- [Work task] Give an exact reproduction of the lines from the one with "Sue Richardson with the Neal Richardson Trio" to the final line of the entries below, both ends included, and omit the pictures.

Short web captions
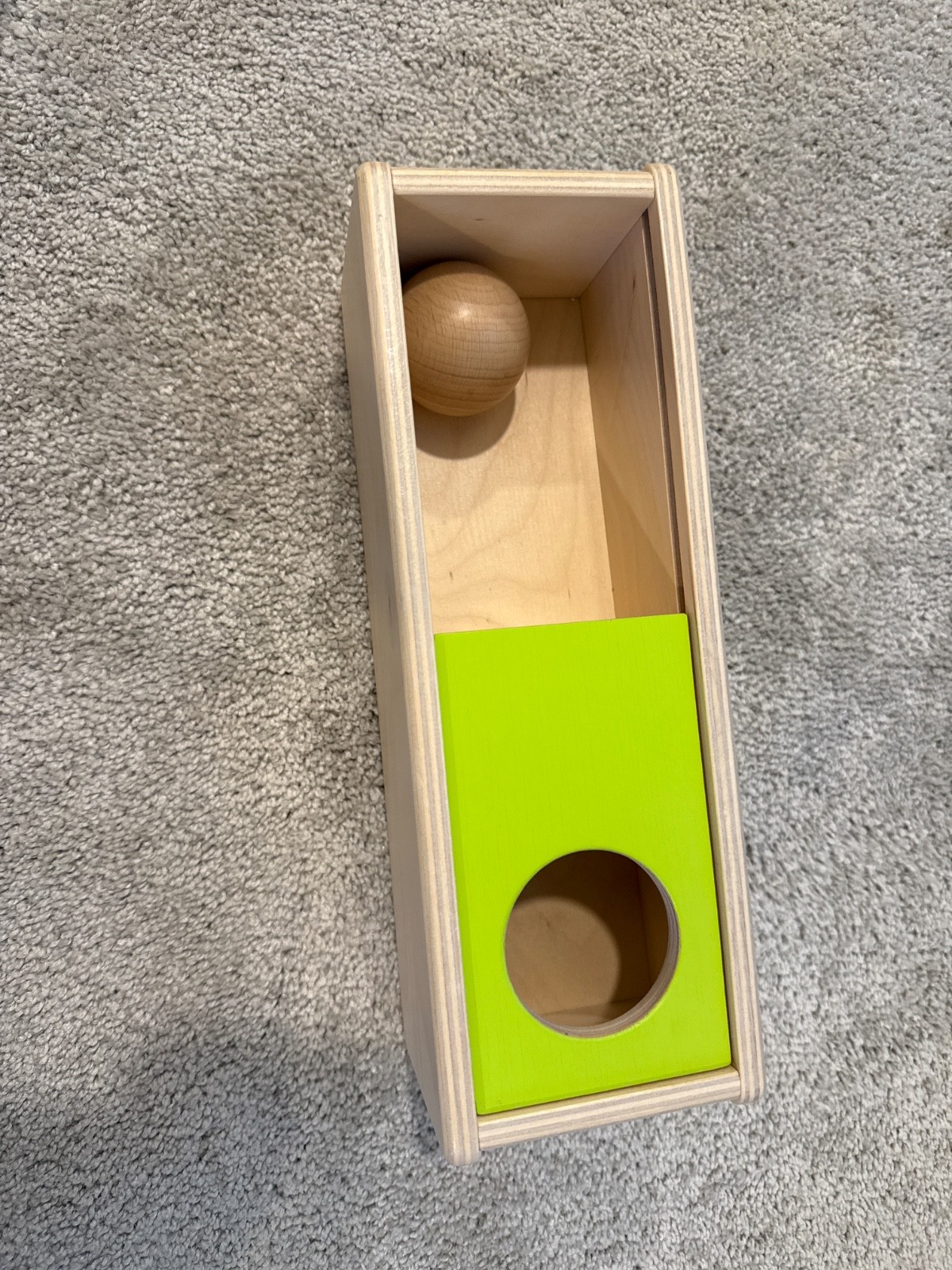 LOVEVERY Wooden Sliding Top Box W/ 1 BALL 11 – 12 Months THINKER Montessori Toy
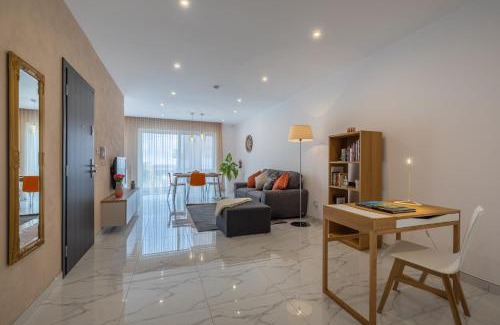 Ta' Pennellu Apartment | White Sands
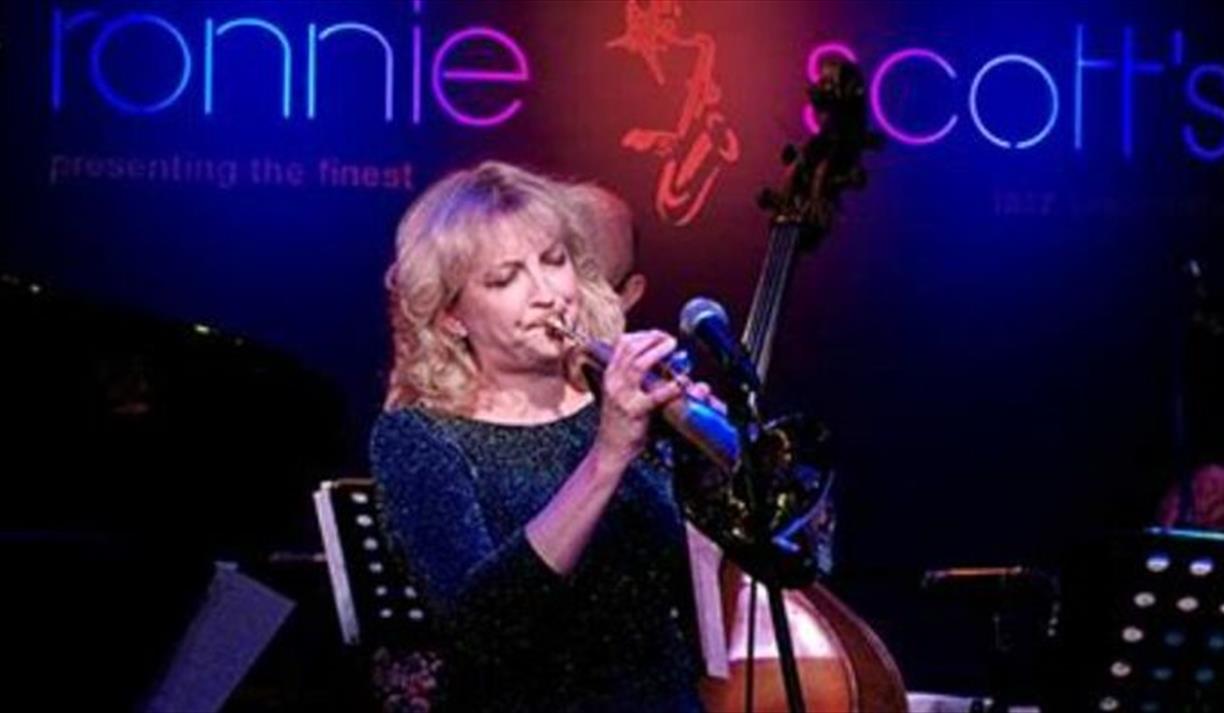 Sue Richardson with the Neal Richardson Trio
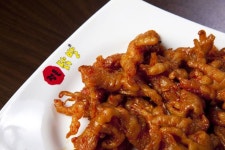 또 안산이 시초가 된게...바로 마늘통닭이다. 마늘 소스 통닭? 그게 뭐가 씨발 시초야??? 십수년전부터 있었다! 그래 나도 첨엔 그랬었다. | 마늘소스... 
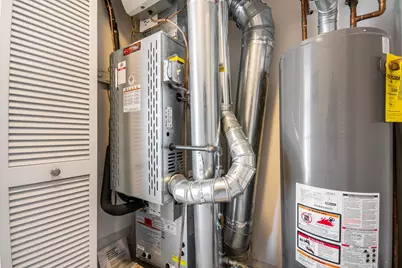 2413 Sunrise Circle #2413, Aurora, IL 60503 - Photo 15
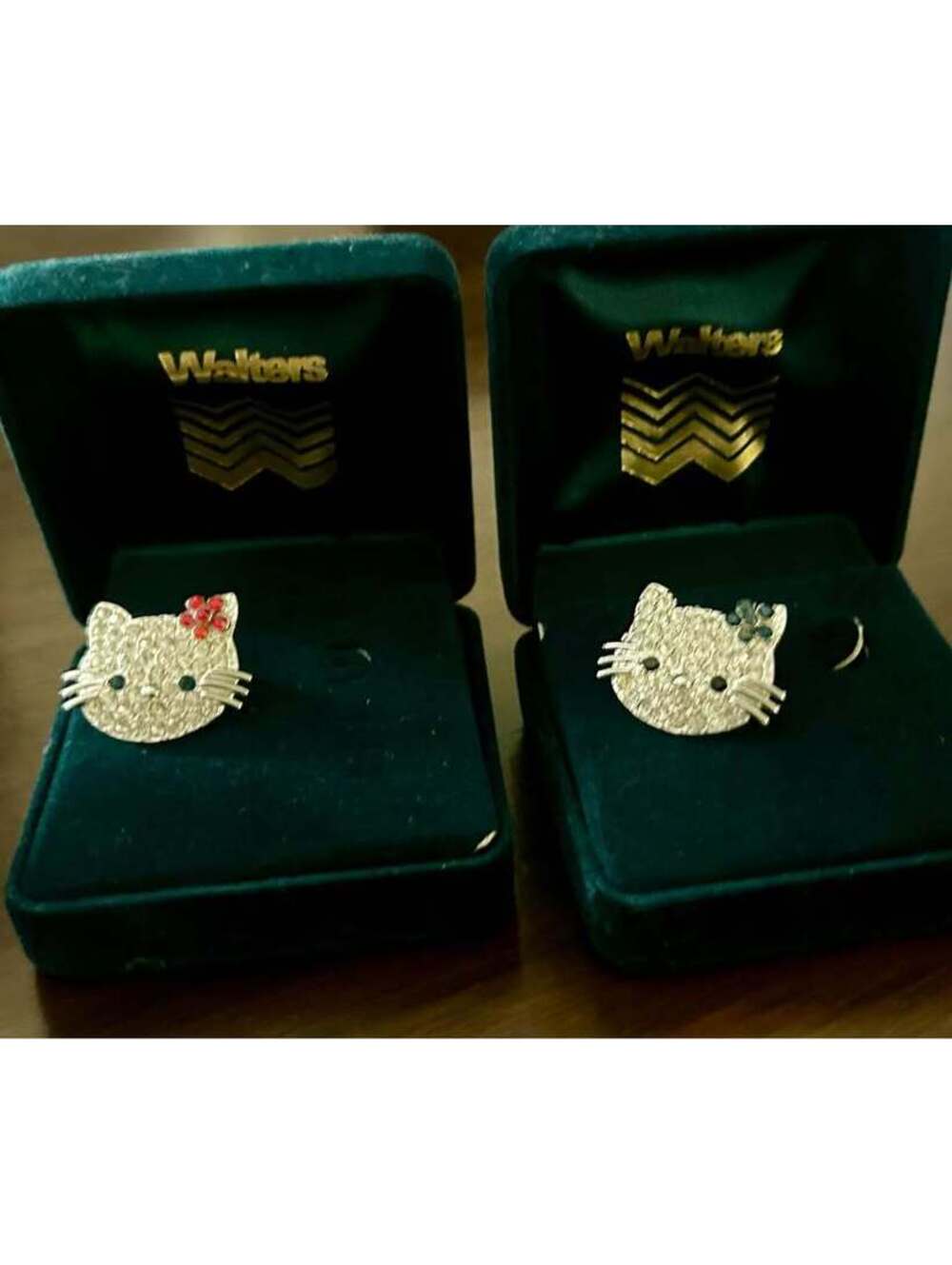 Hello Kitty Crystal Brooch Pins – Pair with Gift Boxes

- [Answer box]
 Sue Richardson with the Neal Richardson Trio
 또 안산이 시초가 된게...바로 마늘통닭이다. 마늘 소스 통닭? 그게 뭐가 씨발 시초야??? 십수년전부터 있었다! 그래 나도 첨엔 그랬었다. | 마늘소스... 
 2413 Sunrise Circle #2413, Aurora, IL 60503 - Photo 15
 Hello Kitty Crystal Brooch Pins – Pair with Gift Boxes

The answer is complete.